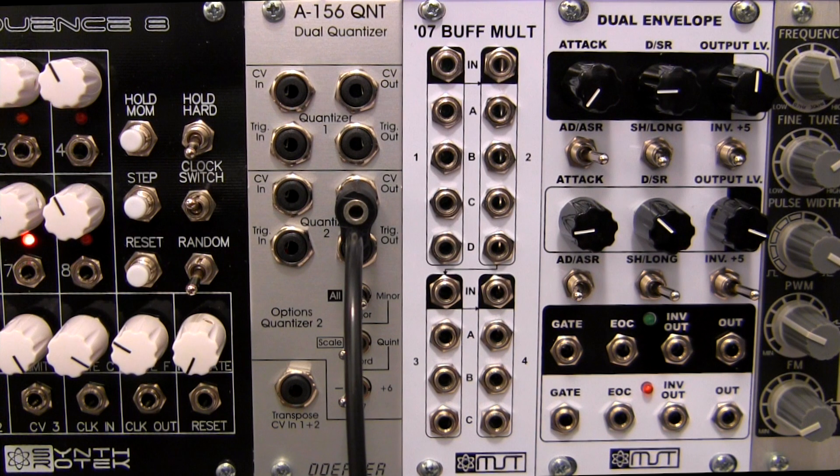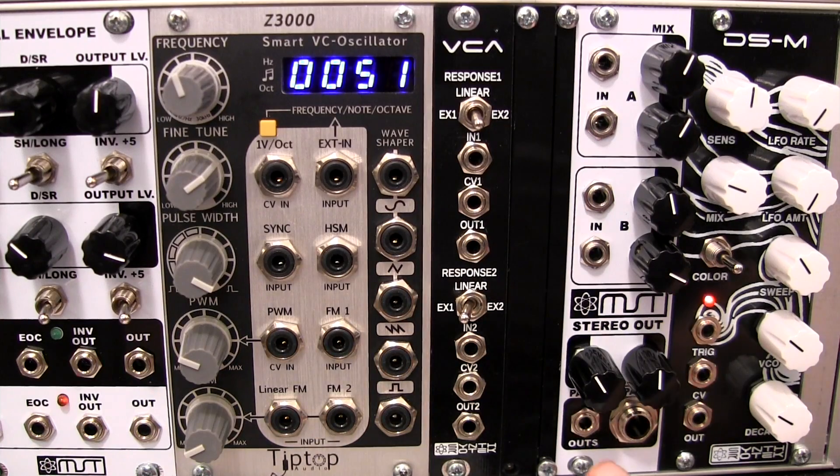Welcome to another episode of Profile. Today we're going to be taking a look at two new modules from a collaboration between George Mattson of Mattson Mini Modular, Synthratech, and Scott Ries of Division 6: the 07 Buffered Mult and the MST Stereo Out, over here on the right.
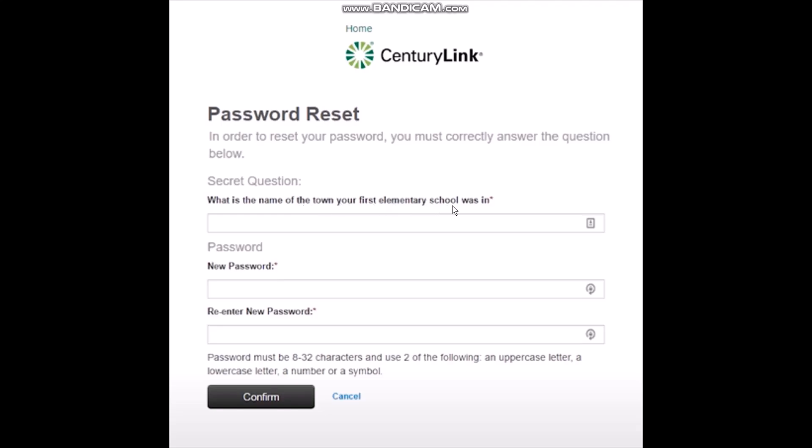Once you are done with that, you will be asked a secret question like 'What is the name of the town of your first elementary school?' Once you answer the secret question, you need to enter in your new password.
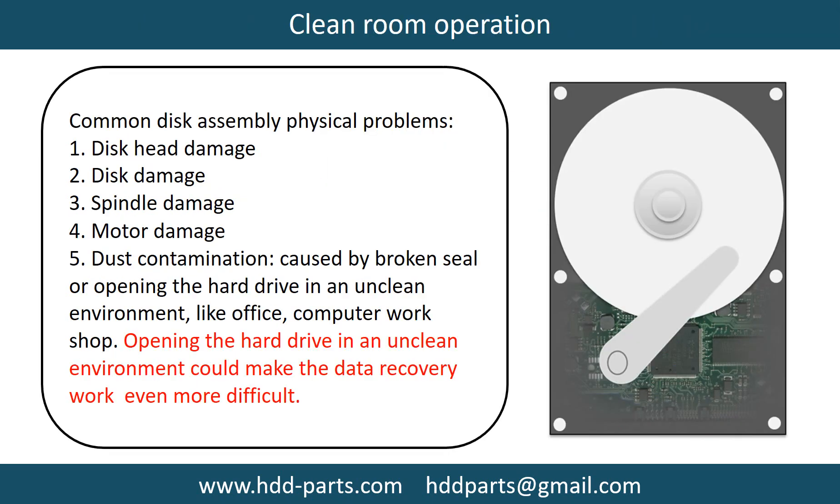Clean room operation. Common disk assembly physical problems include: disc head damage, disc damage, spindle damage, motor damage, and dust contamination. Dust contamination could be caused by a broken seal or opening the hard drive in an unclean environment like an office or computer workshop.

^^^^^^^^^^^^^^^^

WHAT YOU HAVE TO DO: Instruction for this listing: copy it exactly, but leave the images behind.

EXERCISE OUTPUT:
Welcome to another episode of Profile. Today we're going to be taking a look at two new modules from a collaboration between George Mattson of Mattson Mini Modular, Synthratech, and Scott Ries of Division 6: the 07 Buffered Mult and the MST Stereo Out, over here on the right.
Once you are done with that, you will be asked a secret question like 'What is the name of the town of your first elementary school?' Once you answer the secret question, you need to enter in your new password.
Clean room operation. Common disk assembly physical problems include: disc head damage, disc damage, spindle damage, motor damage, and dust contamination. Dust contamination could be caused by a broken seal or opening the hard drive in an unclean environment like an office or computer workshop.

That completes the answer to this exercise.